STAR (Spliced Transcripts Alignment to a Reference) is a software for RNA sequence alignment. STAR aligns RNA-seq reads to a reference genome using uncompressed suffix arrays. The latest STAR manual can be found at: https://github.com/alexdobin/STAR/blob/master/doc/STARmanual.pdf which will detail the many available command arguments.

A limited collection of STAR genomes is available from http://labshare.cshl.edu/shares/gingeraslab/www-data/dobin/STAR/STARgenomes/


Interactive usage

After connecting to Bessemer (see Establishing a SSH connection), start an interactive session with the srun --pty bash -i command.
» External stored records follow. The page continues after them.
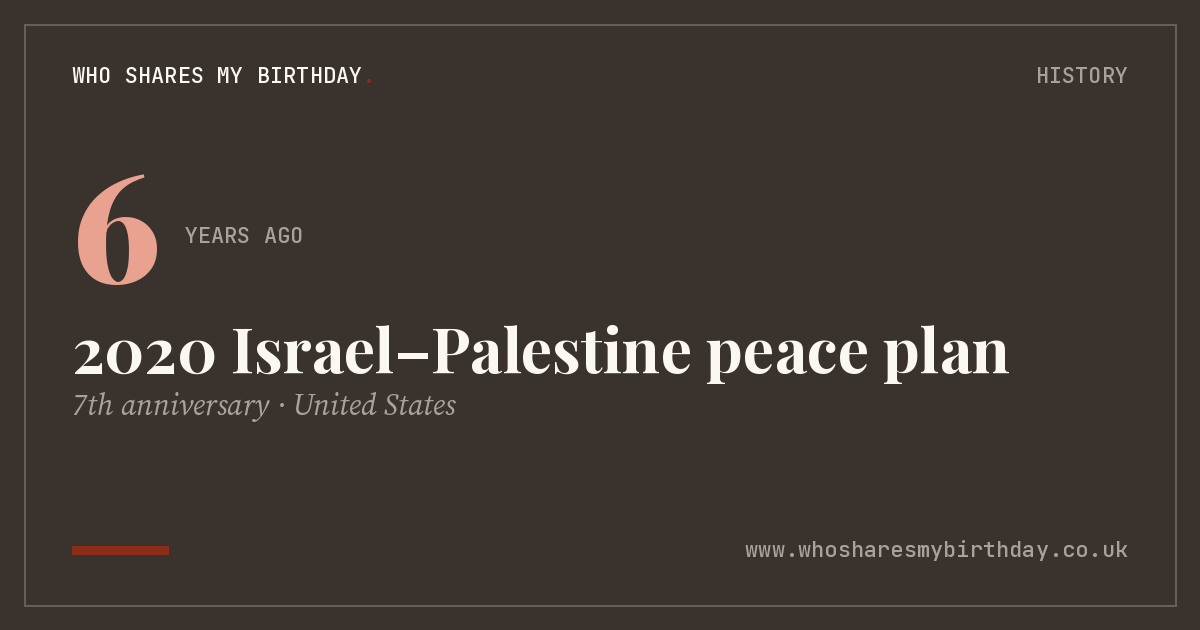 2020 Israel–Palestine peace plan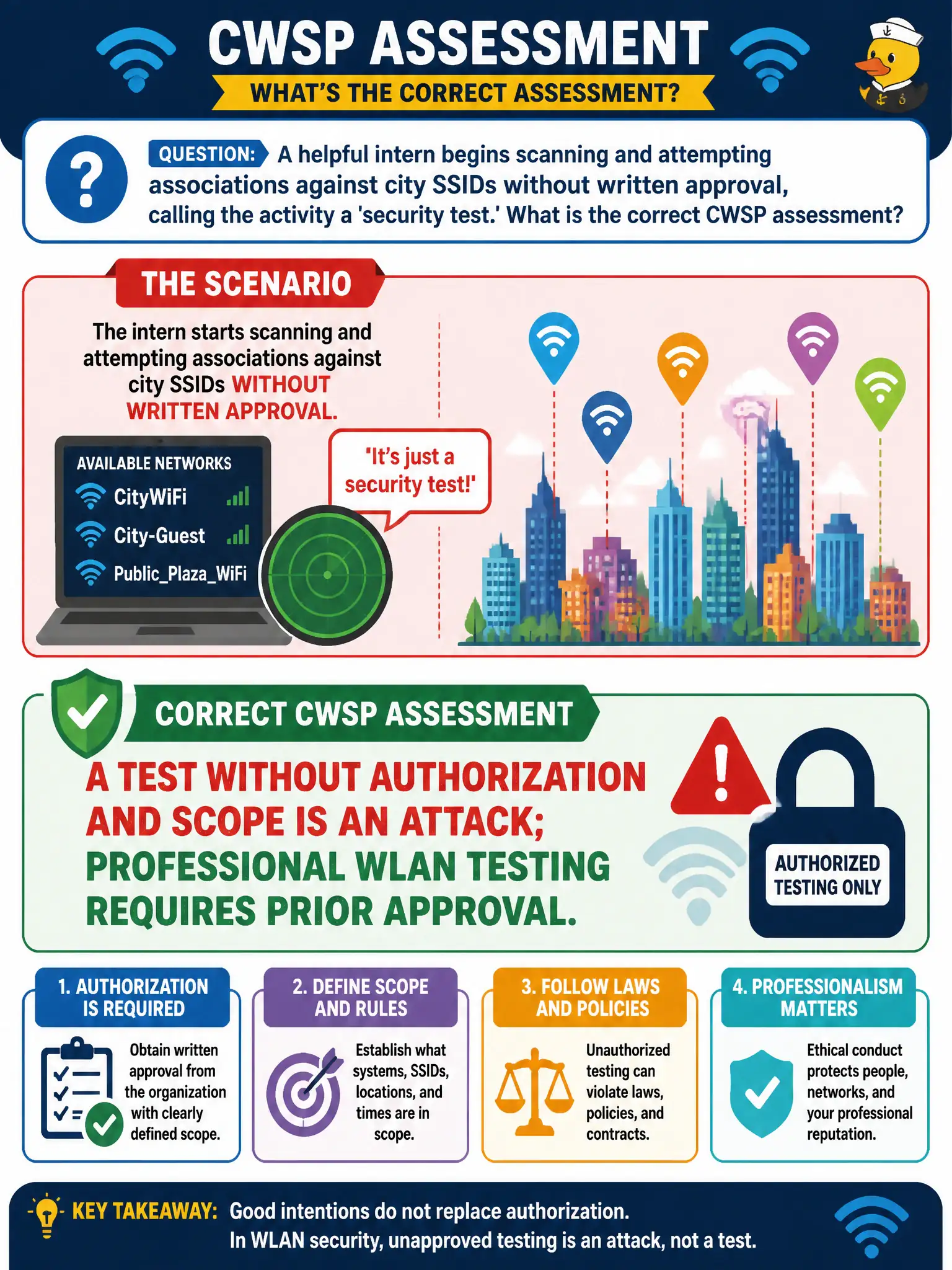 To Create an exciting colorful infographic that explains the concepts in the question: Question: A helpful intern begins scanning and attempting associations against city SSIDs without written approval, calling the activity a 'security test.' What is the correct CWSP assessment? Correct Answer: A test without authorization and scope is an attack; professional WLAN testing requires prior approval Put EVERY visible label in double quotes. No people. No A/B/C/D letters. In one of the four corners put a little "Navy Duck".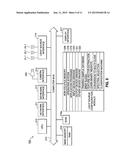 SELECTION OF SPECTRAL BANDS OR FILTERS FOR MATERIAL CLASSIFICATION UNDER     MULTIPLEXED ILLUMINATION diagram and image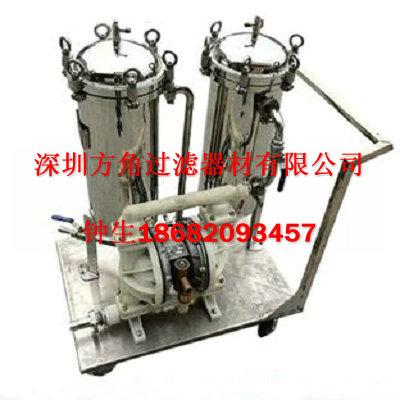 沖版機(jī)濾芯圖片/沖版機(jī)濾芯樣板圖 (4)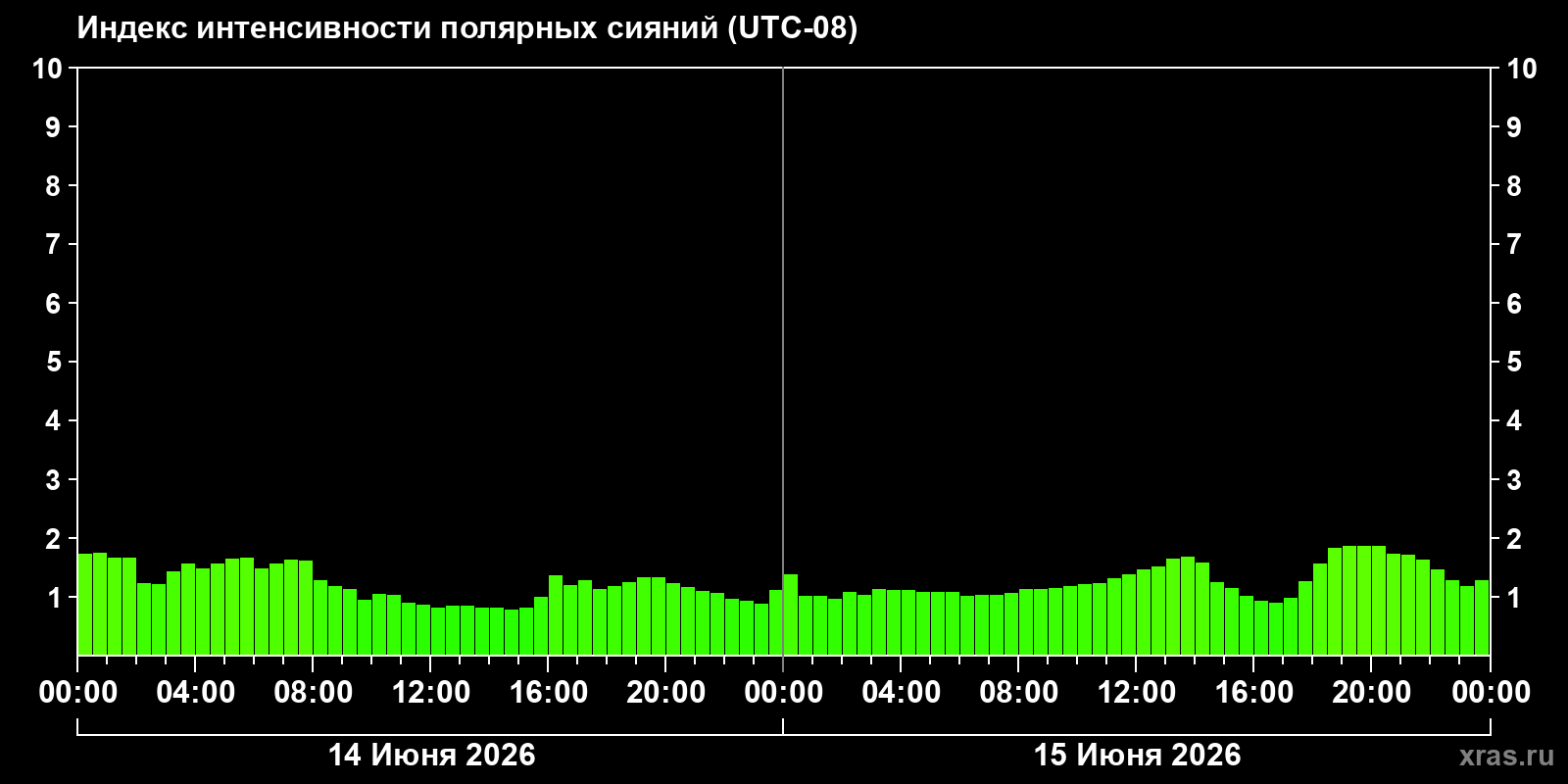 Полярные сияния за последние 2 суток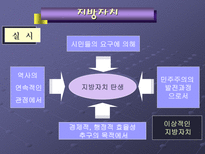 지방자치의 이해-7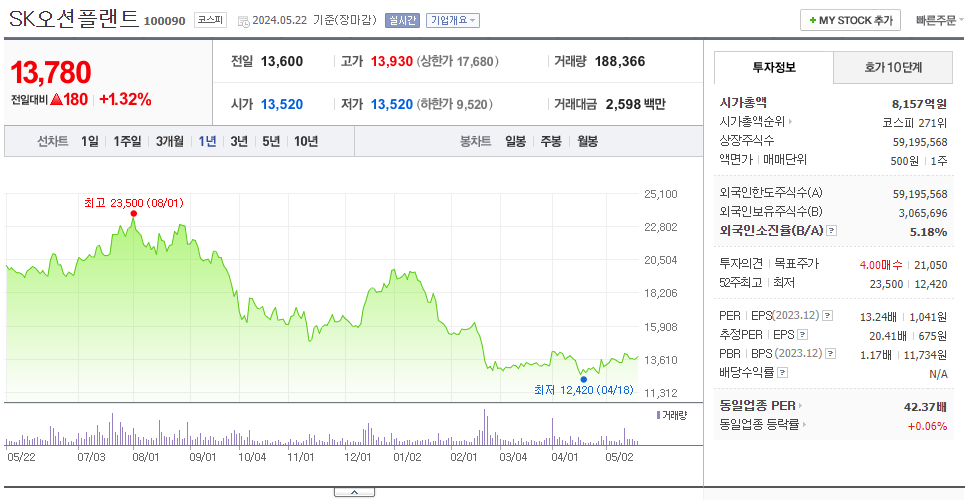 SK오션플랜트_주가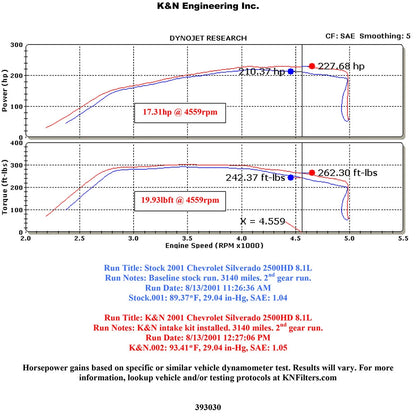 K&N 01-04 Chevy/GMC PickUp HD V8-8.1L Performance Intake Kit | Chevrolet Silverado / GMC Sierra (01-04)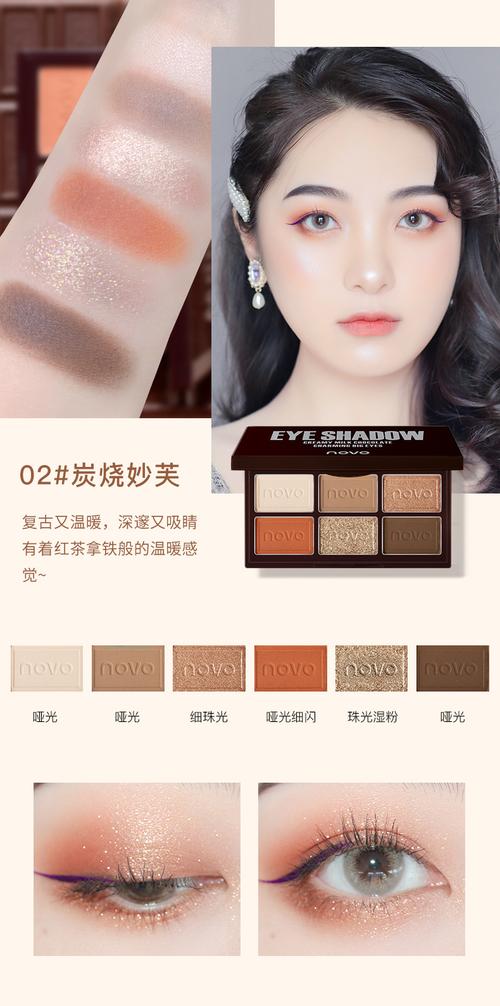 化妆教程眼影推荐新手女（化妆眼影的正确使用顺序视频）-第6张图片-美妆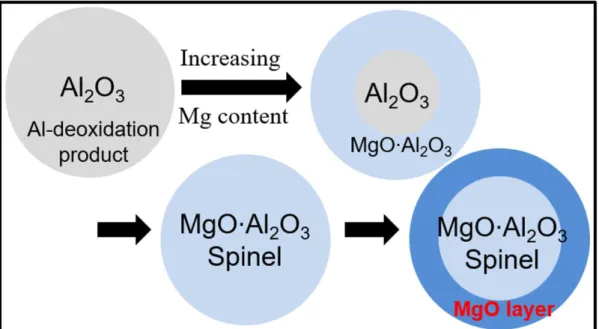 Fig. 1.2 Schematic for the mechanism of MgO·Al 2 O 3 spinel generation.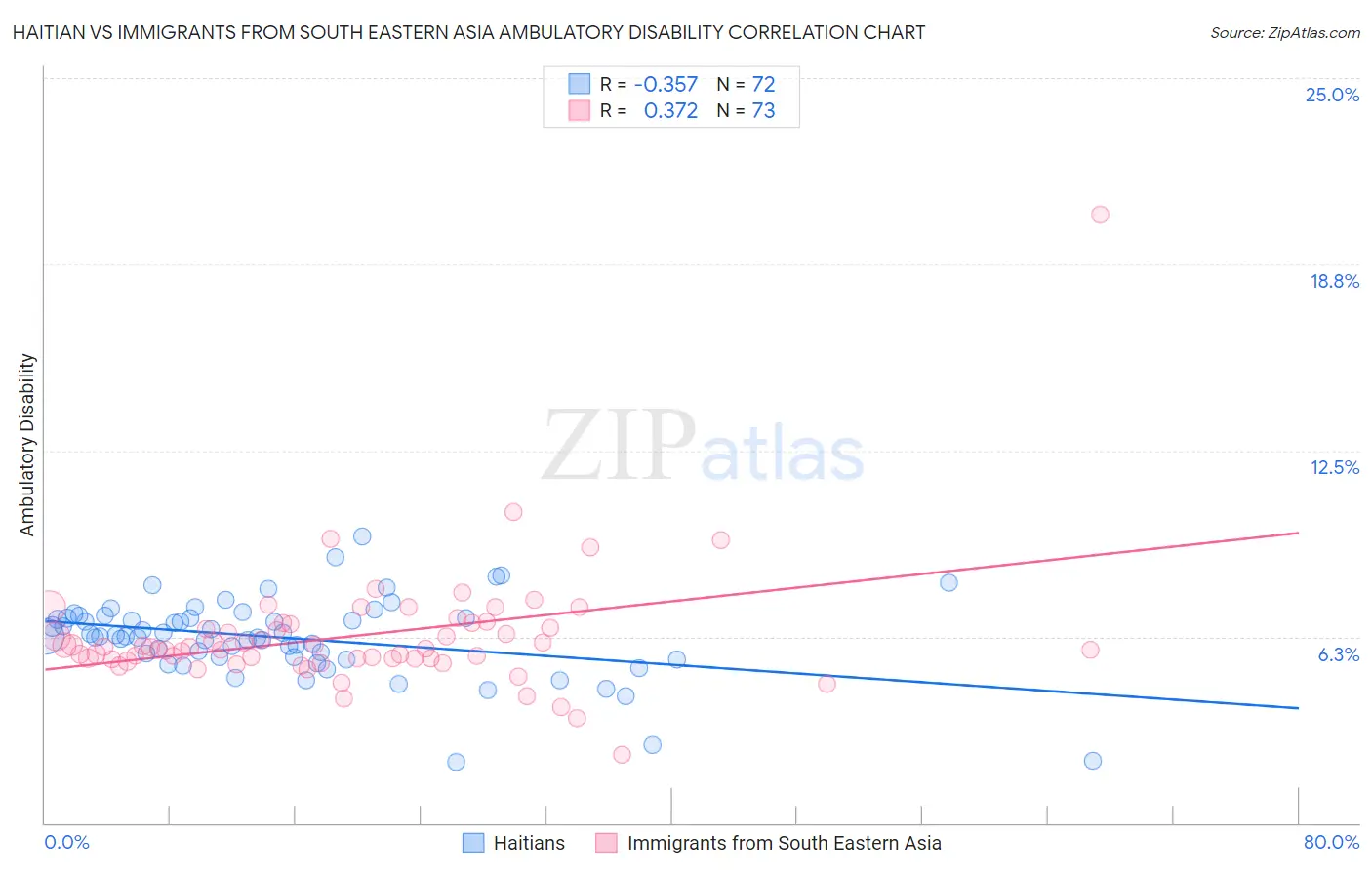 Haitian vs Immigrants from South Eastern Asia Ambulatory Disability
The latest version of STAR (currently version 2.7.6a) is made available with the command:

$ module load STAR/2.7.6a-GCC-9.3.0

After this any of the STAR commands can be run from the terminal prompt. The available commands can be obtained using:

$ STAR --help

Batch usage

The following is an example batch submission script, my_job.sh, to run the executable STAR with input files from https://labshare.cshl.edu/shares/gingeraslab/www-data/dobin/STAR/STARgenomes/Human/GRCh38_Ensembl99_sparseD3_sjdbOverhang99/. The script requests 4 cores using the OpenMP parallel environment smp with a runtime of 30 minutes and 6 GB of real memory per core to generate a genome index.

#!/bin/bash
#SBATCH --job-name=STAR_smp_test
#SBATCH --nodes=1
#SBATCH --ntasks-per-node=4
#SBATCH --mem=24000
#SBATCH --output=output_STAR_smp_4
#SBATCH --time=00:30:00
#SBATCH --mail-user=a.person@sheffield.ac.uk
#SBATCH --mail-type=ALL
module load STAR/2.7.6a-GCC-9.3.0
STAR --runThreadN $SLURM_NTASKS --runMode genomeGenerate --genomeSAindexNbases 12 --genomeDir ./ \
--genomeFastaFiles Homo_sapiens.GRCh38.dna.primary_assembly.fa --sjdbOverhang 99 \
--sjdbGTFfile Homo_sapiens.GRCh38.99.gtf --limitGenomeGenerateRAM 15000000000 --genomeSAsparseD 3 \
--limitIObufferSize 50000000 --limitSjdbInsertNsj 383200

The job is submitted to the queue by typing:

$ sbatch my_job.sh

Installation notes

Installation method

STAR was installed using Easybuild 4.4.0, build details can be found in /usr/local/packages/live/eb/STAR/2.7.6a-GCC-9.3.0/easybuild/


Testing

Testing has been conducted by running the genome indices generation job as detailed in the batch job above.

The output logs should resemble: https://labshare.cshl.edu/shares/gingeraslab/www-data/dobin/STAR/STARgenomes/Human/GRCh38_Ensembl99_sparseD3_sjdbOverhang99/log


Modulefiles

The module file is on the system at /usr/local/modulefiles/live/eb/all/STAR/2.7.6a-GCC-9.3.0.